O preço da portabilidade existe e tem de ser pago (por ti)! – Numa primeira análise, os preços dos computadores portáteis podem parecer um autêntico assalto à carteira dos consumidores, especialmente quando os comparamos diretamente com os computadores de secretária com hardware similar.
Ou seja, para componentes aparentemente semelhantes e com o mesmo nome, o valor pedido pelos melhores portáteis do mercado é quase sempre significativamente mais alto face ao preço cobrado por uma torre com o mesmo poder de processamento, isto mesmo sabendo que as versões de secretária dos mesmos processadores e placas gráficas acabam por ter um desempenho superior.
Isto é muito interessante, porque hoje em dia é muito mais fácil meter performance dentro de um corpo mais pequeno e fino. Ainda assim, tens de pagar mais. O que levanta a questão… As marcas andam a aproveitar-se? Ou é suposto ser assim?
O segredo por detrás da diferença? Engenharia avançada e componentes encolhidos à força!
Um portátil é uma máquina mais complexa de desenhar e produzir, por isso… No fim do dia… Estás a pagar por portabilidade. Ou seja, a engenharia de miniaturização é a principal responsável pelo encarecimento do produto final, isto com alguma ganância à mistura, claro está.
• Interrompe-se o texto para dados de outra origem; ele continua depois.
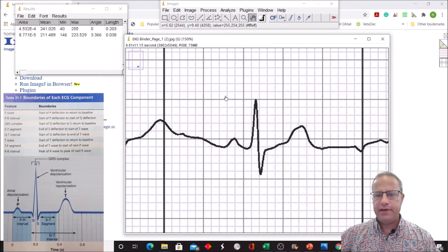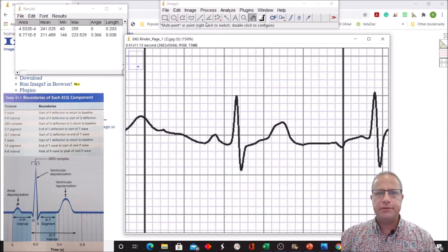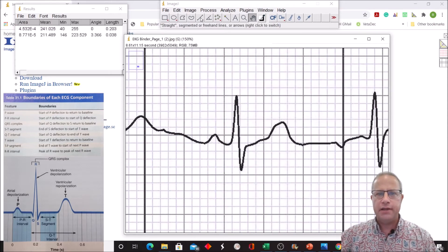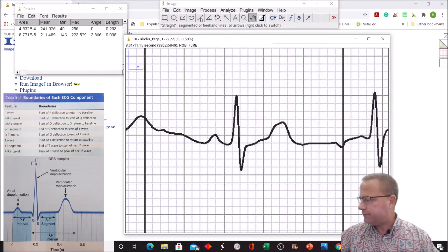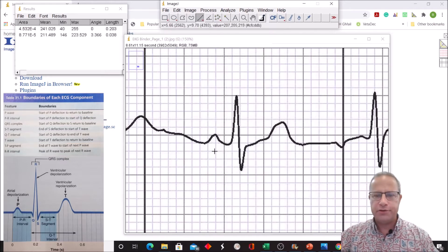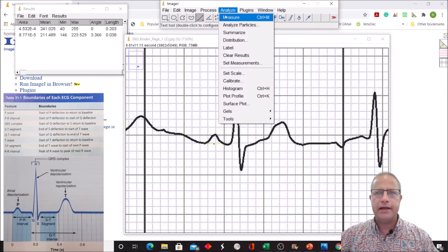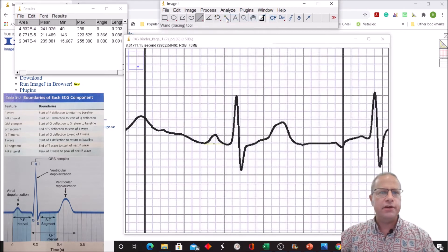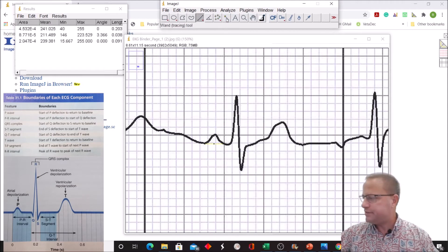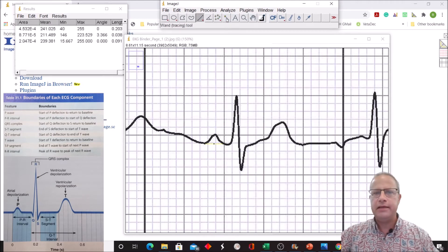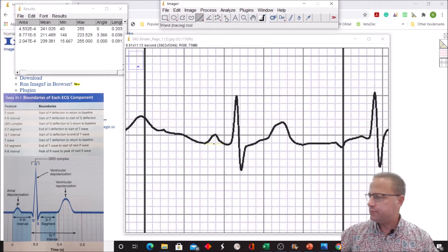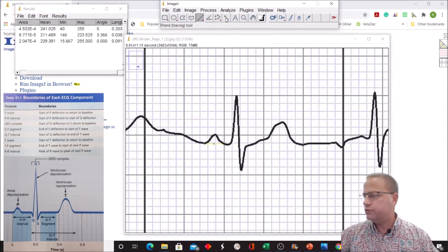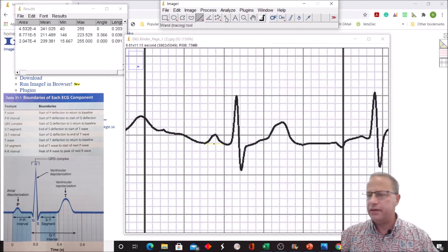The P-wave represents atrial depolarization. I look at the definition for P-wave, and it's the start of P-deflection to return to baseline, so somewhere about here to about here. We analyze, measure, and get 0.091. We see that the average duration ranges between 0.07 and 0.18, so that's fine. That's our P-wave.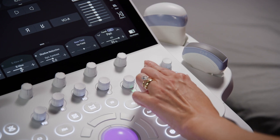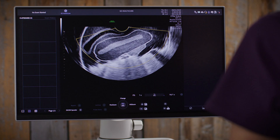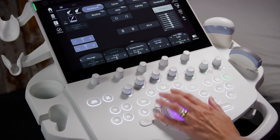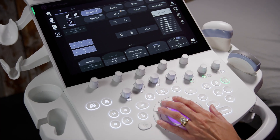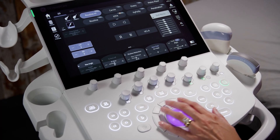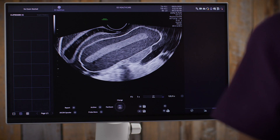We're going to begin with a standard 2D scan. The first step is always to optimize your 2D image. Begin by reducing the box size to focus just on the uterus and adjusting the frequency to penetrate adequately. Then select your auto button to optimize the TGCs automatically, and finally adjust the gain if needed.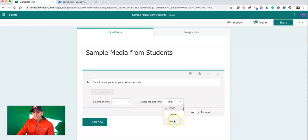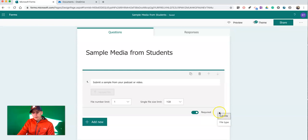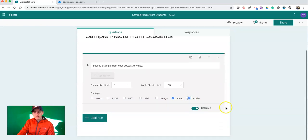We can choose the maximum file size we'll accept. And to the far right side of Required, we'll see a File Type option. I'll select Video and Audio as the file types I'll accept.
Ora bem, enquanto os computadores de secretária têm a vantagem de contar com caixas espaçosas que garantem um fluxo de ar generoso e permitem a instalação de dissipadores massivos ou sistemas de refrigeração líquida, os componentes dos portáteis precisam de ser espremidos dentro de um chassi com poucos milímetros de espessura. (Agora mais do que nunca, visto que é cada vez mais raro encontrar portáteis extremamente grossos.) Tudo isto sem derreterem quando o utilizador decide puxar pelo sistema com tarefas pesadas.
Ou seja, mudar o tamanho do hardware não significa apenas encolher os chips que são usados nos computadores fixos e soldá-los numa placa mais pequena. As marcas precisam de desenhar arquiteturas completamente novas, capazes de rivalizar com o desempenho dos PCs de secretária mas a gastar uma fração da energia.
Como seria de esperar, desenvolver chips específicos que consigam oferecer alta performance num ambiente com sérias restrições energéticas e de espaço exige anos de testes. O que por sua vez também significa muita pesquisa e um custo de produção que dispara sem controlo.
Tudo incluído no mesmo pacote: A refrigeração ao milímetro e a durabilidade do chassi!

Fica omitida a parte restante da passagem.